** EXERCISE BRIEF **
What you return should be the exact lines from the one with "保华镇：粽叶飘香话新风 移风易俗过端午" to the end of the records below, both included, and no pictures.

═════ SUPPLIED RECORDS ═════

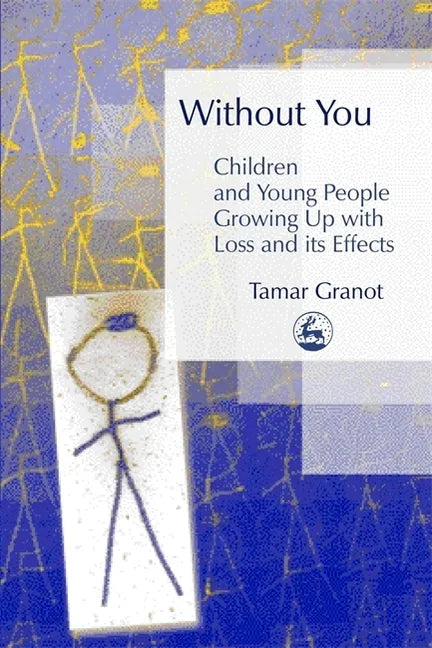 Without You - Children and Young People Growing Up with Loss and Its Effects - Paperback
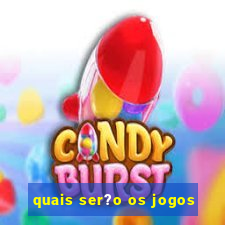 quais ser?o os jogos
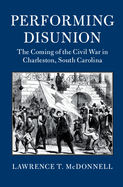 Performing Disunion: The Coming of the Civil War in Charleston, South Carolina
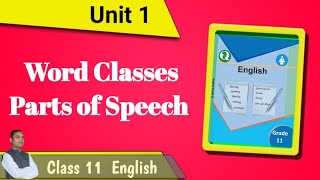 Class 11  Unit 1  Word Classes  Partsofspeech [upl. by Glory771]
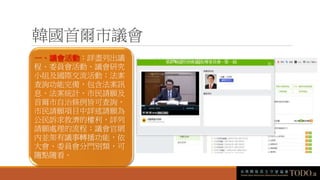 韓國首爾市議會
一、議會活動：詳盡列出議
程、委員會活動、議會研究
小組及國際交流活動；法案
查詢功能完備，包含法案訊
息、法案統計、市民請願及
首爾市自治條例皆可查詢，
市民請願項目中詳述請願為
公民訴求救濟的權利，詳列
請願處理的流程；議會官網
內並架有議事轉播功能，依
大會、委員會分門別類，可
隨點隨看。
 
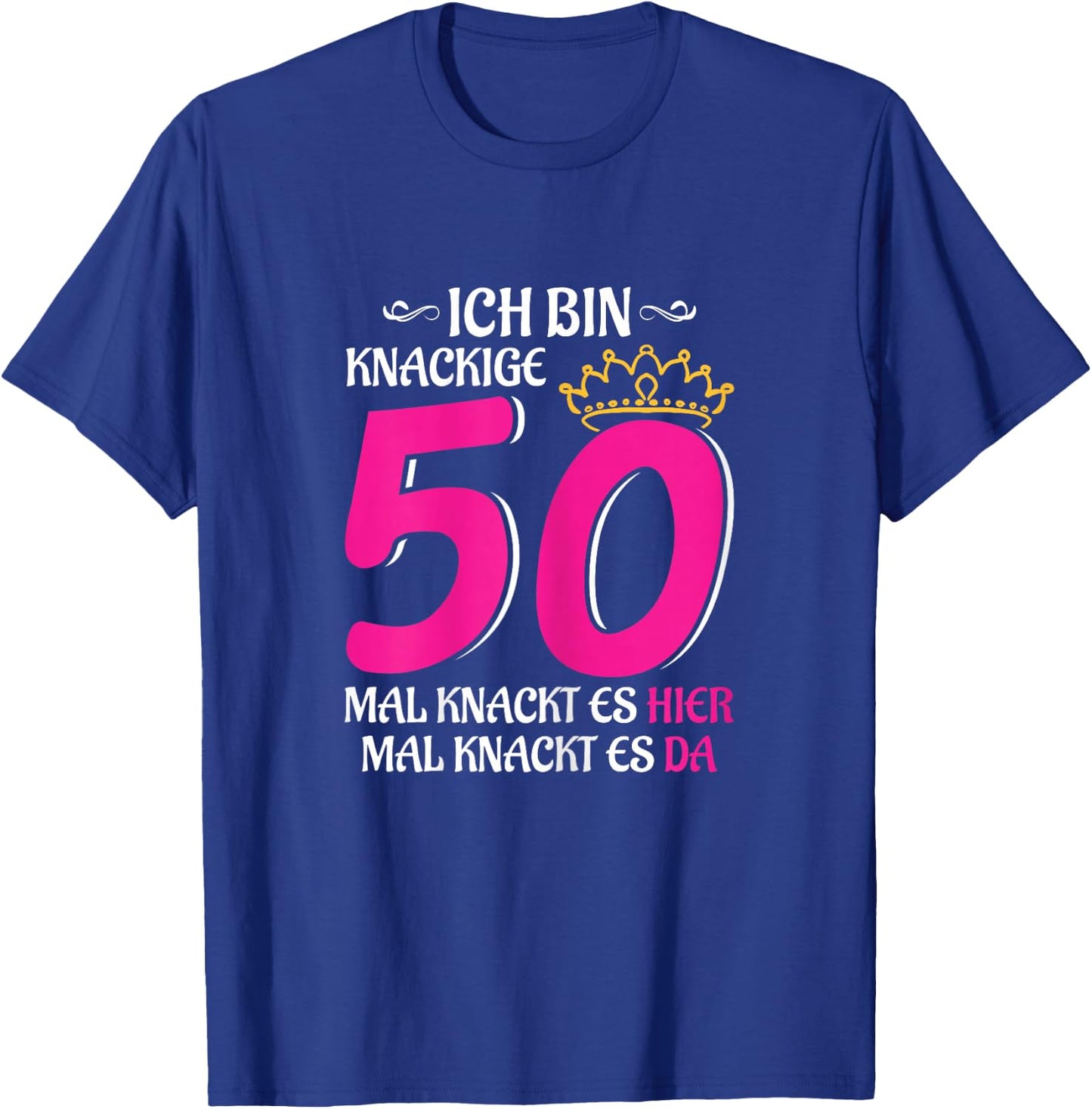 Women's 50th Birthday Woman Lady Finally 50 Crisp 50 T-Shirt - T-Shirt | Royal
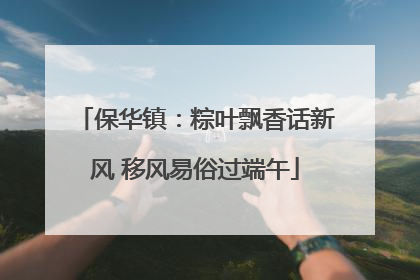 保华镇：粽叶飘香话新风 移风易俗过端午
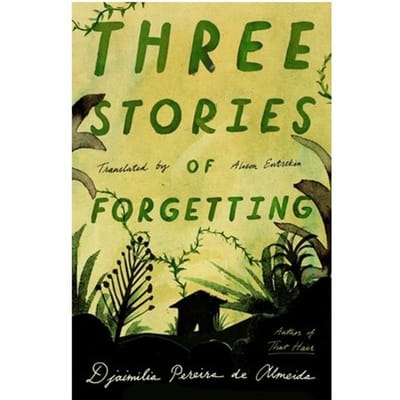 Three Stories Of Forgetting - Fsg Originals - Djaimilia Pereira de Almeida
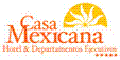 CASA MEXICANA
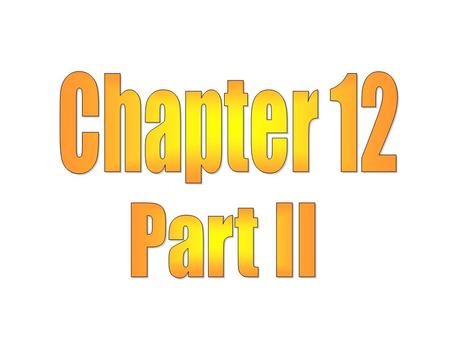Chapter 12 Part II.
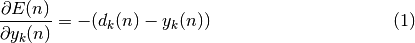 \begin{eqnarray}
     \frac{\partial E(n)}{\partial y_{k}(n)} = -(d_{k}(n) - y_{k}(n))
 \end{eqnarray}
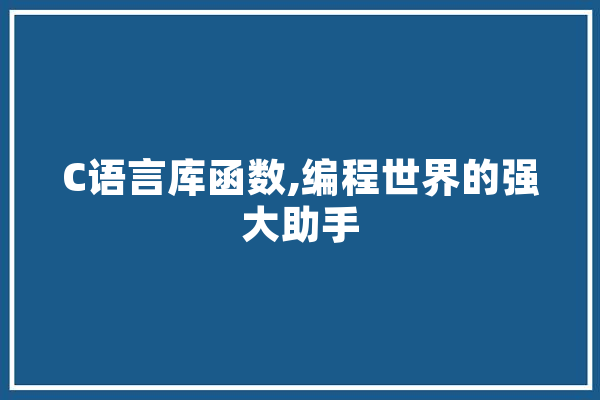 C语言库函数,编程世界的强大助手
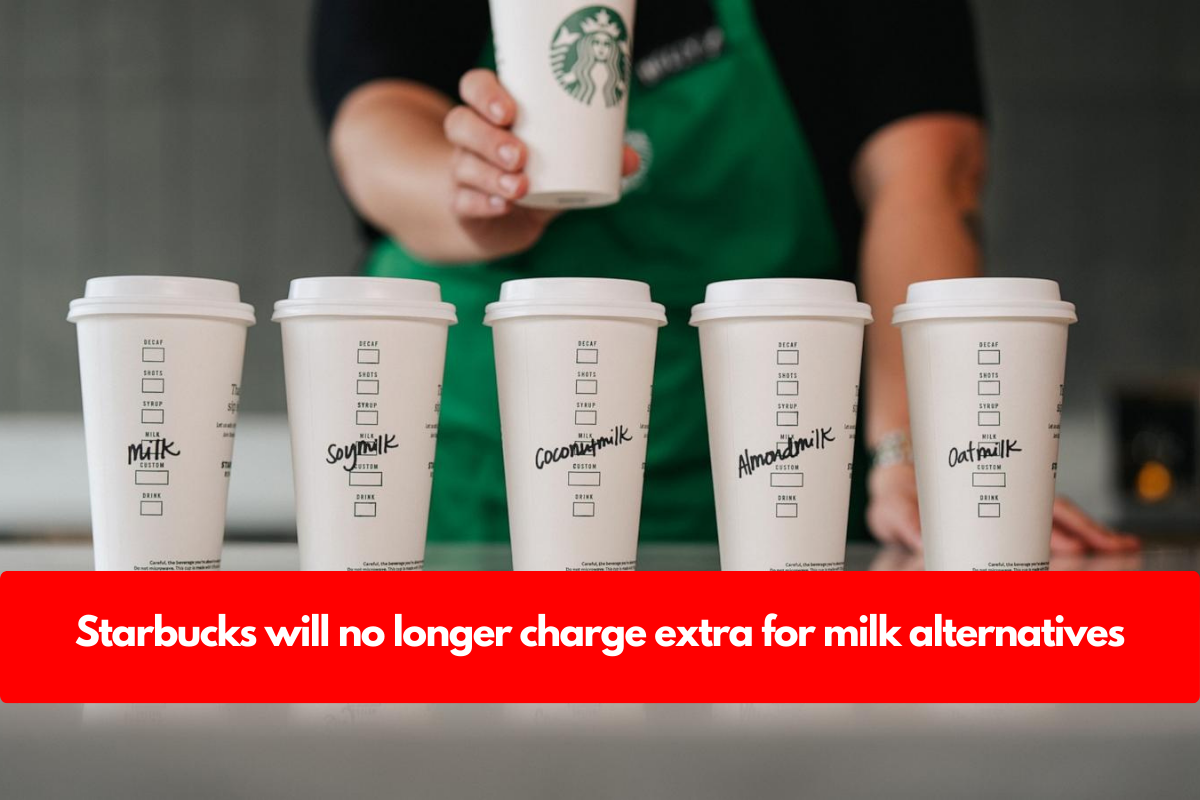 Starbucks will no longer charge extra for milk alternatives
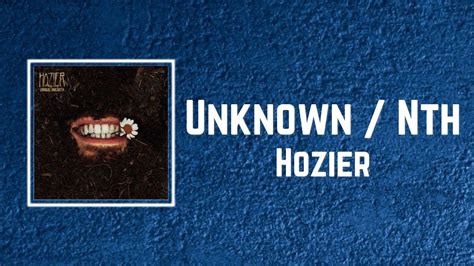 Hozier – Unknown / Nth Lyrics .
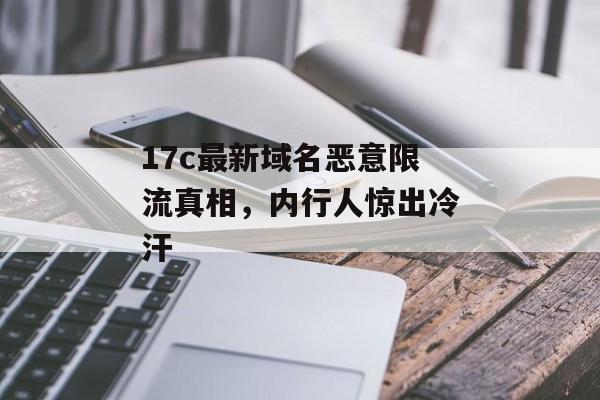 17c最新域名恶意限流真相，内行人惊出冷汗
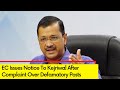 EC Issues Notice To Arvind Kejriwal | Complaint Over Defamatory Posts Against PM | NewsX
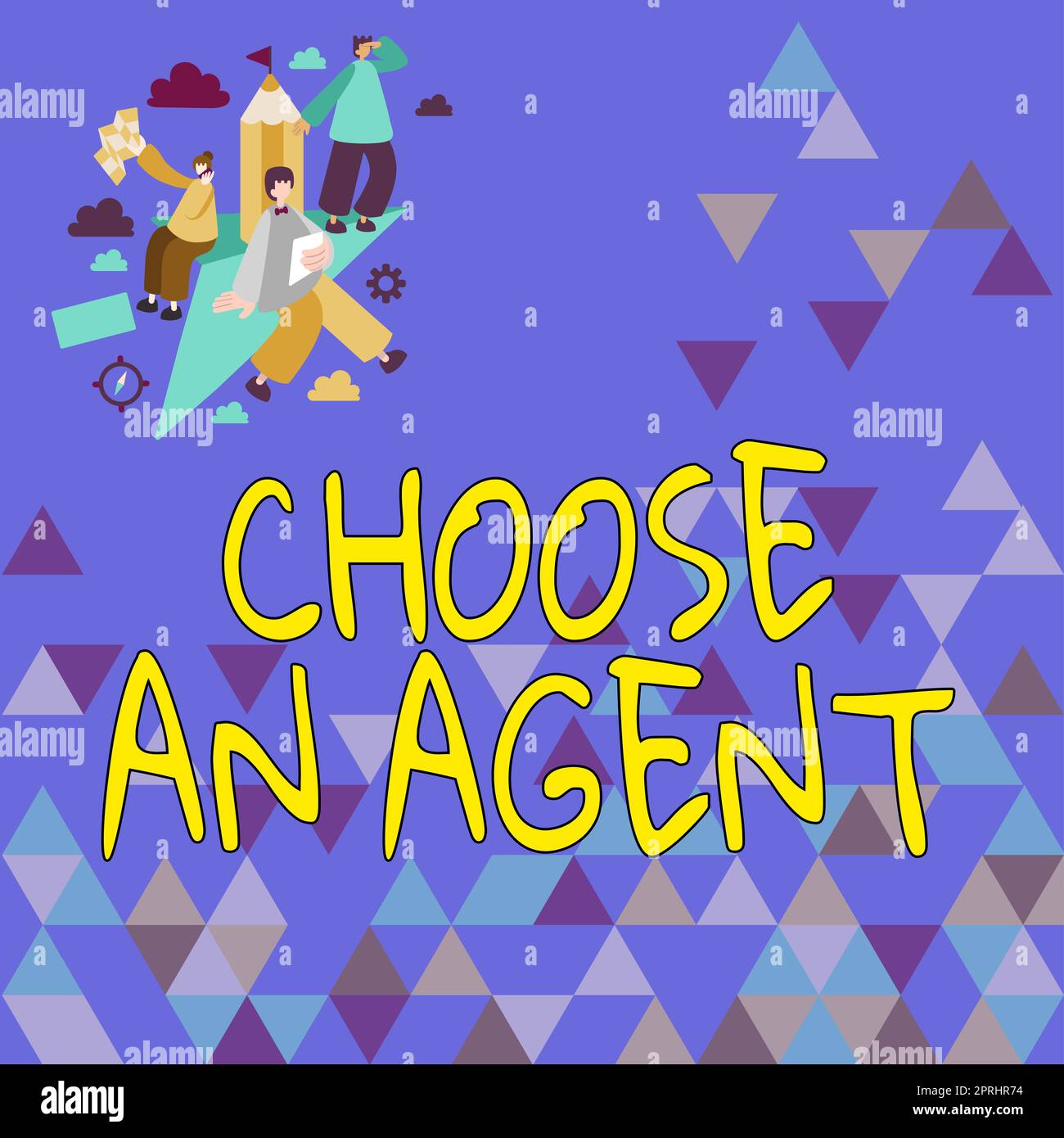 Text caption presenting Choose An AgentChoose someone who chooses decisions on behalf of you. Business concept Choose someone who chooses decisions on behalf of you Stock Photo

═════

** FINISHED TASK **
 保华镇：粽叶飘香话新风 移风易俗过端午
 Three Stories Of Forgetting - Fsg Originals - Djaimilia Pereira de Almeida
 CASA MEXICANA
Chapter 12 Part II.
 \begin{eqnarray}
     \frac{\partial E(n)}{\partial y_{k}(n)} = -(d_{k}(n) - y_{k}(n))
 \end{eqnarray}
 C语言库函数,编程世界的强大助手
 Starbucks will no longer charge extra for milk alternatives
 Hozier – Unknown / Nth Lyrics .
 17c最新域名恶意限流真相，内行人惊出冷汗
 EC Issues Notice To Arvind Kejriwal | Complaint Over Defamatory Posts Against PM | NewsX
 Text caption presenting Choose An AgentChoose someone who chooses decisions on behalf of you. Business concept Choose someone who chooses decisions on behalf of you Stock Photo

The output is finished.